The 4 ps of Creativity

I’ve written repeatedly and at length about how people seem stuck on mistaking Creativity for Art. One of the key reasons that I haven’t discussed as yet, is the 4 P’s view on Creativity.

The 4P’s provide a model of creativity: a framework in which it is easier to understand what goes on when people are creative. It is the work of Mel Rhodes and serves as a reminder of how Creativity is very hard to define and isolate… which is precisely why our societal misuse of the word is so problematic.

After many years of research Mel ended up describing Creativity by developing the 4 Ps:
Person, Product, Process, Press.

Each element is a characteristic part of the whole of creativity and cannot be separated from the others. And yet, each part represents one or other commonly held view of what creativity is.

Let’s explore the Ps in detail:

  1. Person:
    To understand creativity, we must also understand what makes People creative: what are their characteristics, their habits, the thoughts.
  2. Product
    These are the ‘things’ that are the result of creative activity. What makes one product creative (a song) and another not? How many products can we say are the result of creativity?
  3. Process
    The process is all about HOW people are creative do what they DO. But Processes can also be Products… new ways of doing old tasks
  4. Press
    Mel defines the press as the environment around the creative person and recognises that, if the climate around a person is not conducive to creativity, it soon dies.

By focussing exclusively on one type of creative product (art) we exclude other types of people from being classed as Creative. We also limit our ability to think creatively about other areas. And because art is often shrouded in mystery and myth, we hide the processes that could be learned and adapted.

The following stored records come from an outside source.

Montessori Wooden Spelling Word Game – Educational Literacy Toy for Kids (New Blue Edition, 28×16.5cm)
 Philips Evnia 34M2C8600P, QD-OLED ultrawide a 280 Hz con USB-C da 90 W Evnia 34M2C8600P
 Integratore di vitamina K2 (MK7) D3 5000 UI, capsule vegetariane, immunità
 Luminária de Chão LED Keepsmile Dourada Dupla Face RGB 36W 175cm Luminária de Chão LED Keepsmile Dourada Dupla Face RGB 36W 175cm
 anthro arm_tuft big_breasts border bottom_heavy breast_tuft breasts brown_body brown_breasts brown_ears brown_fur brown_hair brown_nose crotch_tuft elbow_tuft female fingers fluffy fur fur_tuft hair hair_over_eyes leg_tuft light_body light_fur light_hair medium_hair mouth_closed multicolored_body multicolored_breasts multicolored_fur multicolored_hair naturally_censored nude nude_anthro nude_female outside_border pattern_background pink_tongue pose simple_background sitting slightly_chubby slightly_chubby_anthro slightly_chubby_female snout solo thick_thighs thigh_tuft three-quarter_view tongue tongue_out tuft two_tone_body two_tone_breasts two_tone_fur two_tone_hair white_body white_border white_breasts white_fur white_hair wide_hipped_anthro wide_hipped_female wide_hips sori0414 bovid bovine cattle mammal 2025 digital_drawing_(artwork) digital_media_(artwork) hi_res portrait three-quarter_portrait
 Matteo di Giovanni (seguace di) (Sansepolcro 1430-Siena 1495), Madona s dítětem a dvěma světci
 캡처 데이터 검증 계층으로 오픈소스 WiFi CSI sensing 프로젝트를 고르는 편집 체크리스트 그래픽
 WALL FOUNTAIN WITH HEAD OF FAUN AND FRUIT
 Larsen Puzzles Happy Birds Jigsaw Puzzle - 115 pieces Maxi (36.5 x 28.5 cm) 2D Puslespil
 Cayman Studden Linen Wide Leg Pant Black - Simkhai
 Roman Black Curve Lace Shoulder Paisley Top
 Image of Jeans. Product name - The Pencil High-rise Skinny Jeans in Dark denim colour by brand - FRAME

Lastly, by accepting the myths and mysteries of Art as a model for creativity, we fail to understand what is required to support and nurture creativity… both for artists and other creative types… we don’t know how to support, them, what learning or help they need or how to optimise their output. In short, we condemn it to the realm of magic and other unbelievable things.

Next time you hear someone saying, ‘But I am not creative!’ ask yourself: what product are they referring to? What process could they learn to become creative? Maybe they are a creative person, but they are just in the wrong environment.

And if you want to create businesses or schools where Creativity flourishes, you need to consider all 4 Ps in your planning and structuring… to leave one out condemns the rest to failure.